Tuesday, January 25, 2011

Behaviorism: The Basics

Behaviorism is a kind of monism.   There are two kinds of monists.  The first kind of monist thinks that the only kind of matter is mental stuff.  The second kind thinks that there is only physical matter.  The second kind is called Physicalism.    One version of physicalism is Psychological Behaviorism, which tries to explain mental states in terms of behavior.   For example, the emotion of anxiety is just the production of certain behaviors such as sweating, tensing muscles and grinding teeth.  Psychological Behaviorists think that we can know everything about mental states by observing behaviors that happen during that mental state.

Philosophical (or Logical) Behaviorists take things a step further.  They think that mental states just are behavioral dispositions.  When they say that mental states are behaviors, they mean that in the strict definitional sense; this means that there is nothing more to a mental state than just the behaviors.   A behavioral disposition is a behavior that you have the ability to perform but you only do perform them if presented with the right kind of situation.  For example, the mental state of pain would just be a set of dispositions (which are like tendencies) to exhibit certain behaviors like saying, “Ouch!” or pointing to where the pain is when asked.  Having a behavioral disposition to pain means that a person exhibits these behaviors in appropriate situations or contexts, such as being stabbed in the gut with a fork.  Logical behaviorists think that pain really is a set of behavioral dispositions.  

A dispositional account of a mental state is the way that a philosophical, or logical behaviorist will explain and identify a mental state, such as an emotion or a craving for chocolate.  e.g.

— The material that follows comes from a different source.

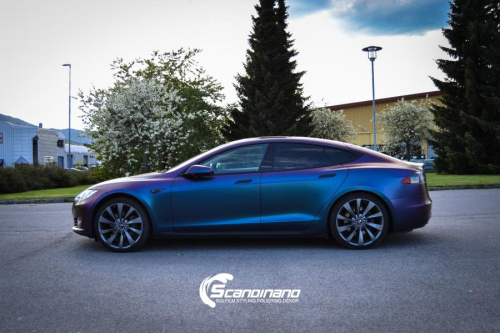 Tesla S foliert med rushing riptide Scandinano_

Desiring chocolate is just (1) thinking about chocolate, (2) eating chocolate when offered chocolate and (3) feeling bodily pleasure while eating chocolate.

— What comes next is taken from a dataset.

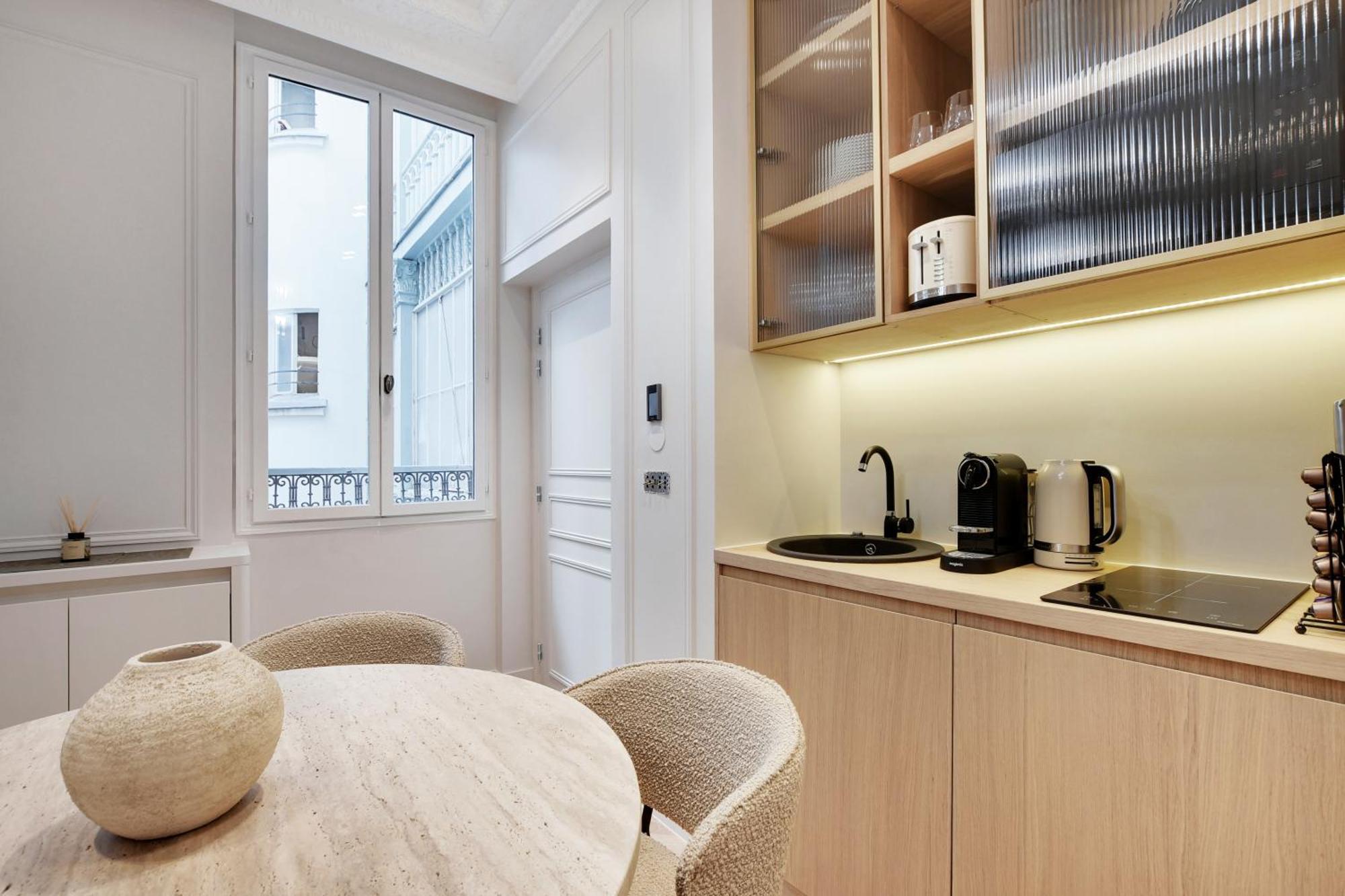 Maison Galante's With Services In La Madeleine - Opera Appartement *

Dispositional accounts are always given in terms of inputs and outputs.  This means that if a person is given a certain input or stimulus, then they give a certain output, or behavior.  The outputs do not need to be actual but only potential.  Of course the behaviors will not be actual when a person is sleeping or perhaps very distracted by sports or sex or something.  The idea is that a person is, say, nervous if he or she displays nervous behaviors when it is appropriate.

Here is an example of how a logical behaviorist would talk about being sleepy: It is a tendency to have droopy eyes and yawn and fall asleep when one is comfortable and it is nice and quiet.  In other words, someone is sleepy if he or she has a behavioral disposition to have droopy eyes, yawn and fall asleep.